### Data to use
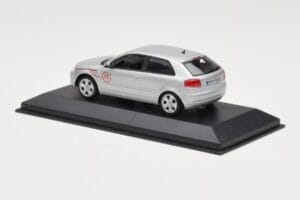 Audi A3 8P Stříbrný Prototyp Minichamps 1:43 5010503013 Kov – obrázek 3 z 4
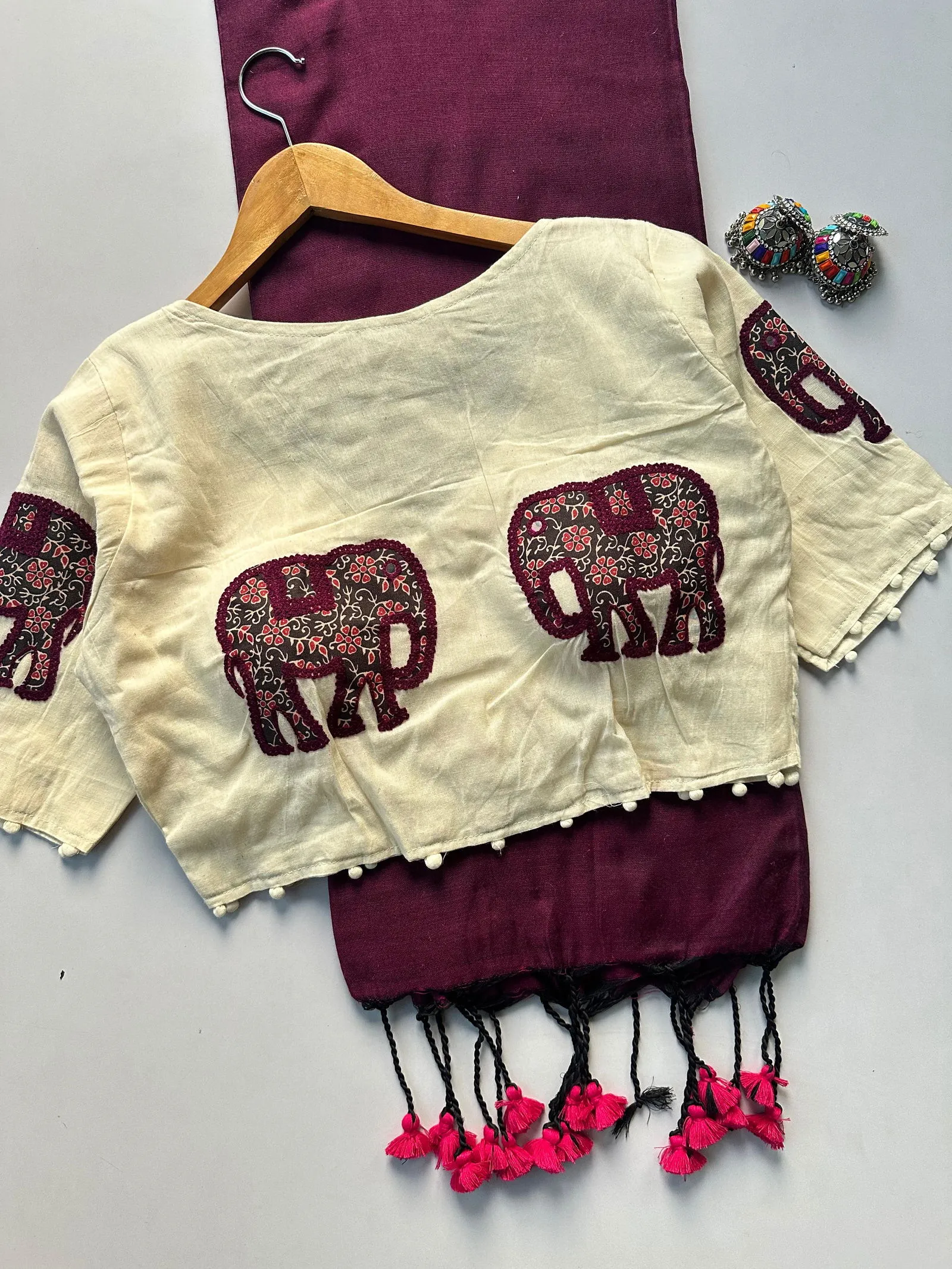 Khadi Vol 5 Cotton Saree with Apllic Blouse Design Collection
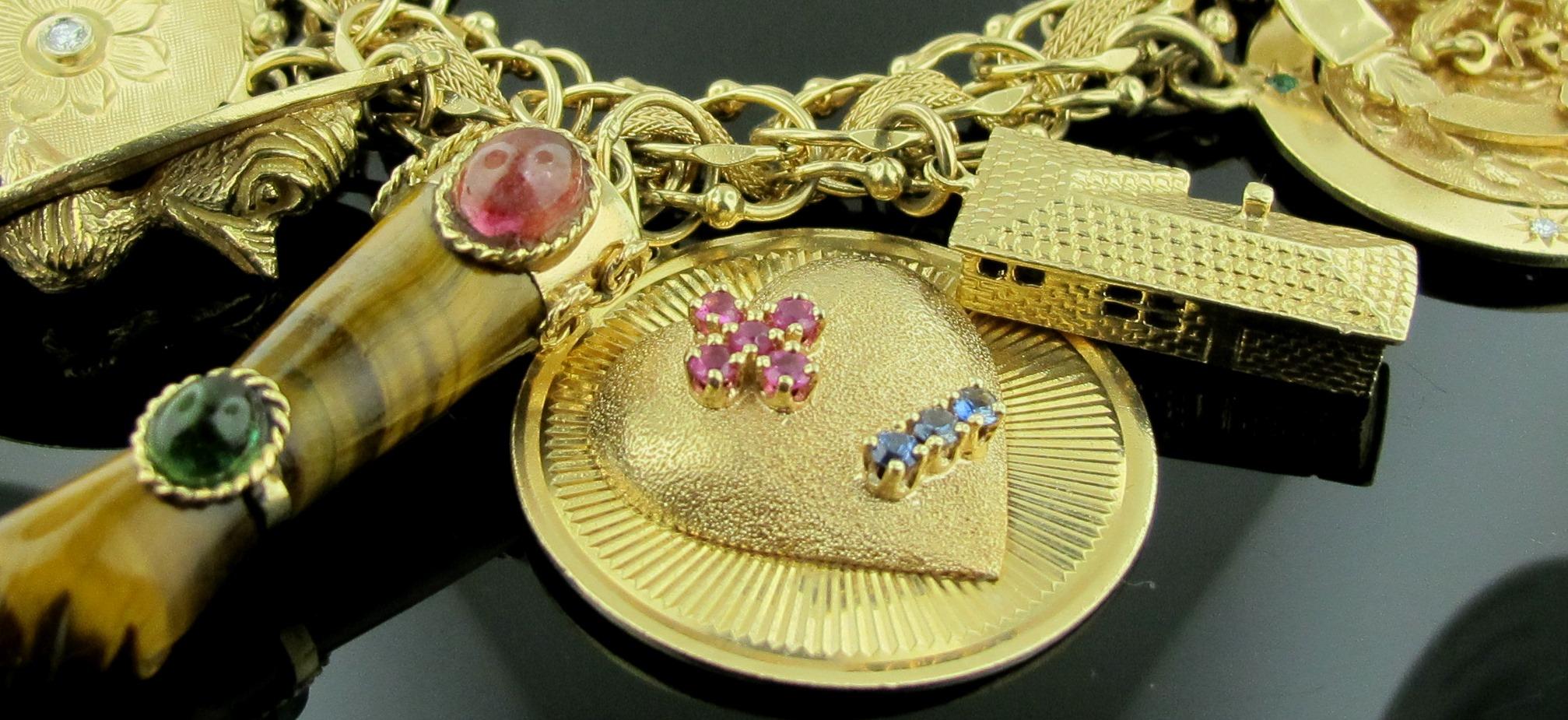 14 karat gold charms for bracelets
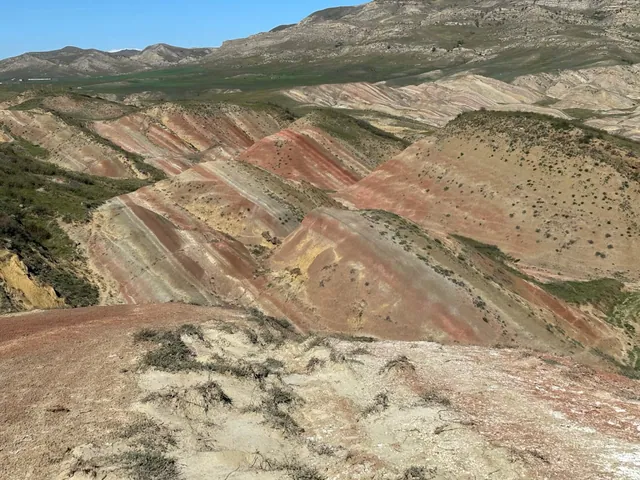 Panorama of the Rainbow Hills and the Gareja semi-desert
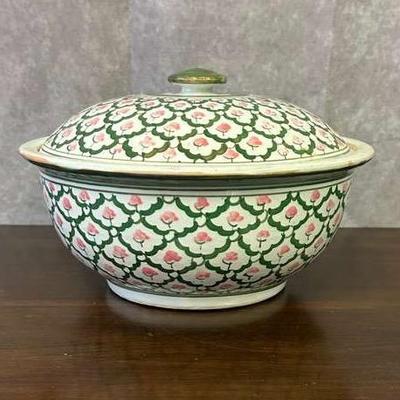 Vintage Hand Painted Ceramic Bowl/Tureen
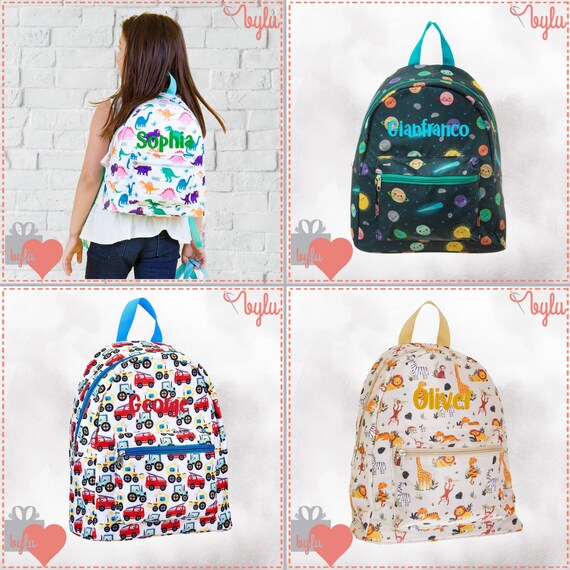 personalised kids back pack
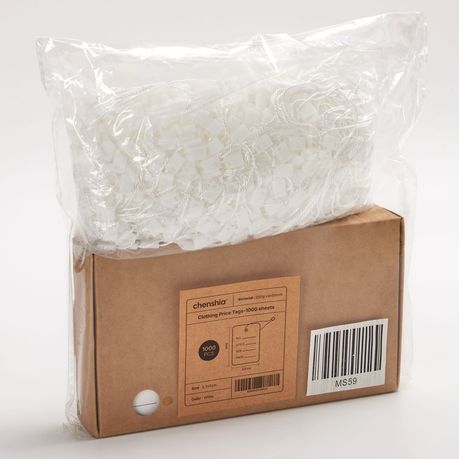 Chenshia 1000pcs Writable Paper Price Tags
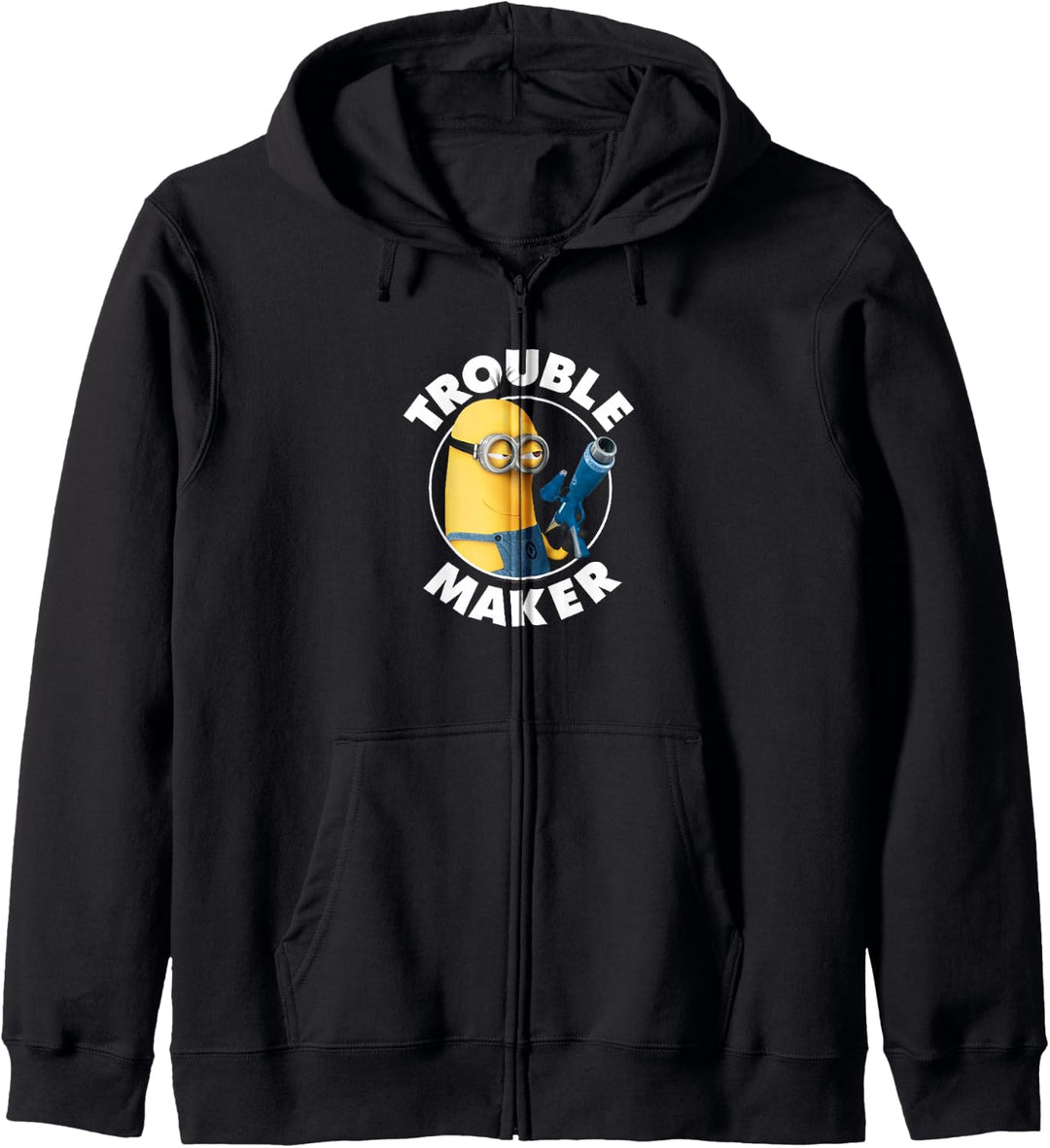 Despicable Me Minions Tim Troublemaker White Text Kapuzenjacke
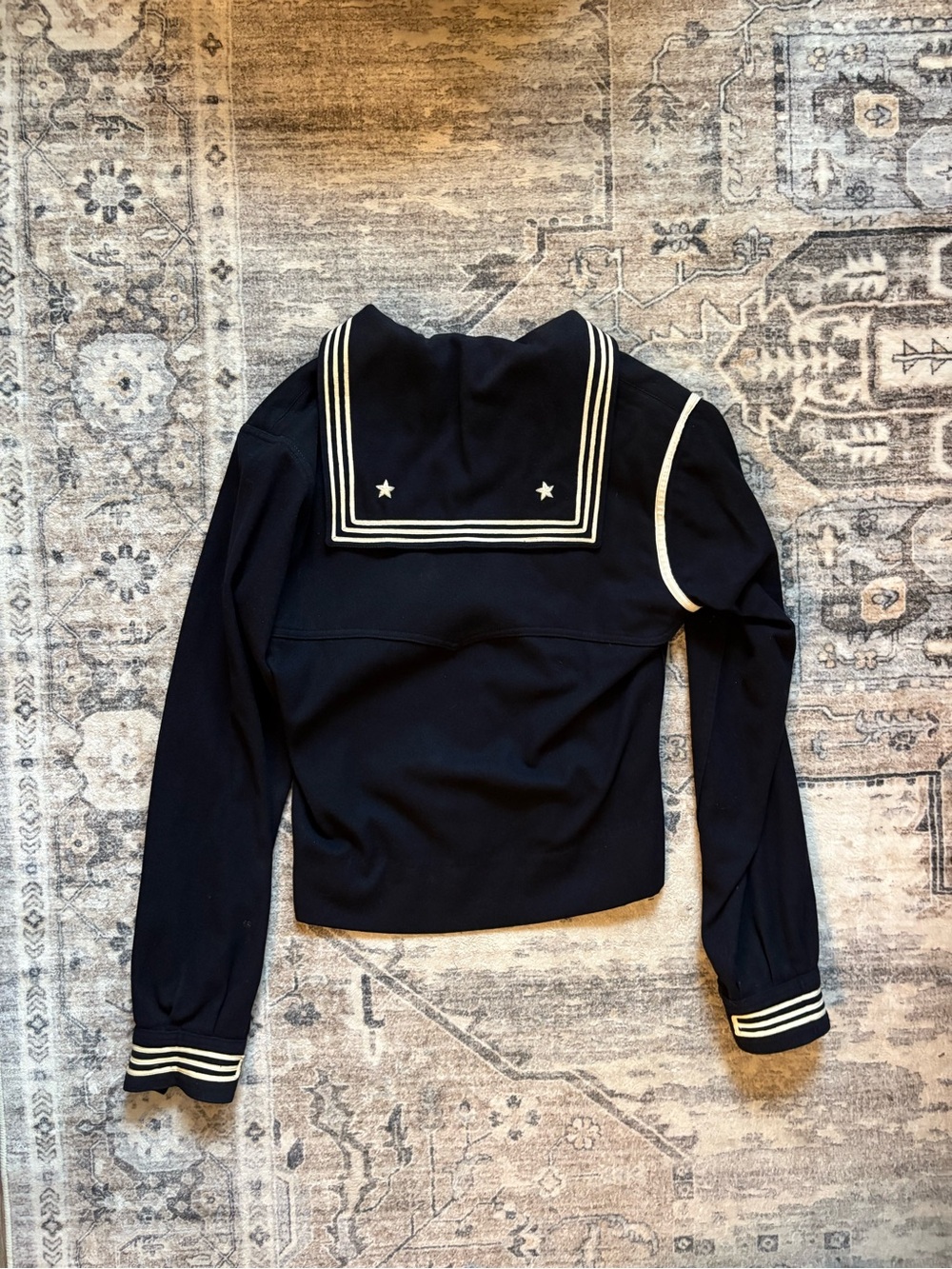Vintage 1950s/1960s U.S. Navy sailor uniform shirt - wool, jacket, crackerjack - Picture 3 of 16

### Task item
The expected answer is the data retyped exactly, without pictures.

### Solved problem
 Audi A3 8P Stříbrný Prototyp Minichamps 1:43 5010503013 Kov – obrázek 3 z 4
 Khadi Vol 5 Cotton Saree with Apllic Blouse Design Collection
 14 karat gold charms for bracelets
 Panorama of the Rainbow Hills and the Gareja semi-desert
 Vintage Hand Painted Ceramic Bowl/Tureen
 personalised kids back pack
 Chenshia 1000pcs Writable Paper Price Tags
 Despicable Me Minions Tim Troublemaker White Text Kapuzenjacke
Vintage 1950s/1960s U.S. Navy sailor uniform shirt - wool, jacket, crackerjack - Picture 3 of 16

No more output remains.